Young People Learn Healthy Cooking Skills
Dozens of Young people across Liverpool have been taking part in cooking sessions and learning how to source nutritious ingredients, cook & eat so they can avoid more expensive fast food alternatives a lot of their peers like. Some were so enthused in the cooking classes they say they are now considering becoming chefs in future. “I may consider a career as a chef because I have learnt a lot about cooking from Yammtree” Mark, 21 said after one of the sessions. Yammtree is the business name of Abraham Ojapah, the passionate healthy food chef facilitating the lessons
“I have learnt a lot from Abraham as he takes us through the sessions explaining how we are all what we eat and”, Judith, 19 said smiling at the end of the three hours session.

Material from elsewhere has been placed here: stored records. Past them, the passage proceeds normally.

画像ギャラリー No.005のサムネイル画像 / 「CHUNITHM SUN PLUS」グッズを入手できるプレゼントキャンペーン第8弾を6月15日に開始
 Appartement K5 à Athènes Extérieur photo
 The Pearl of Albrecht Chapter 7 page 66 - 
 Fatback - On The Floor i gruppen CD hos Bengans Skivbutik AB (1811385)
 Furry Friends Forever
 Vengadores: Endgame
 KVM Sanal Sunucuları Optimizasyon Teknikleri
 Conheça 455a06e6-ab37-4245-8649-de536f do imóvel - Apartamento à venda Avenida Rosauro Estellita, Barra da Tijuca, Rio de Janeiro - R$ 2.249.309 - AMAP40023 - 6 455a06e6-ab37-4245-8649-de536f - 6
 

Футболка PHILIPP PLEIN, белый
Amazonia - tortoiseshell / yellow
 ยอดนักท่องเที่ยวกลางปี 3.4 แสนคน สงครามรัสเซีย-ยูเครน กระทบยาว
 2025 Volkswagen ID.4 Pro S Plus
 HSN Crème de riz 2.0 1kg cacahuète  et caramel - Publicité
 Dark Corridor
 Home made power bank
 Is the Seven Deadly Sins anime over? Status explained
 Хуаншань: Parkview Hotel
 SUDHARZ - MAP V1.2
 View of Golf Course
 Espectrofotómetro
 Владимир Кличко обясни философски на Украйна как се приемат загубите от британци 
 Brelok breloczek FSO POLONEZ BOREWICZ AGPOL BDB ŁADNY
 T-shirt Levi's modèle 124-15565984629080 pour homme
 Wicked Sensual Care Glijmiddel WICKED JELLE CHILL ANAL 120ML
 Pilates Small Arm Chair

The cooking sessions is a youth focused project developed and delivered by Liverpool based charity Citizen Outreach Coalition (COC) with a grant from The National Lottery Community Fund.
Why the Project was Developed
According to COC Public Liaison Officer Francis Langley, the organisation decided to deliver a project for young people to improve their cooking skills because of the present cost of living crisis. “We needed to help improve their cooking skills so they have healthy lifestyle and develop skills that could improve their employability. Also, because this is group work, the youngsters will also learn to work as a team which again will help them in future”. Mr Langley said. The COC officer continued this was necessary to show them how cooking is an enjoyable exercise, they will save money when they avoid depending too much on expensive takeaway unhealthy alternatives,
During each session, the young people first listen on a presentation by facilitator Abraham Ojapah on why and how they can source cheap local healthy food from local markets and cook to their taste. They then take an active part in preparing the dishes and helping out with the cooking. At the end of each session, they eat together and any left-over food is packaged and taken back home as a takeaway.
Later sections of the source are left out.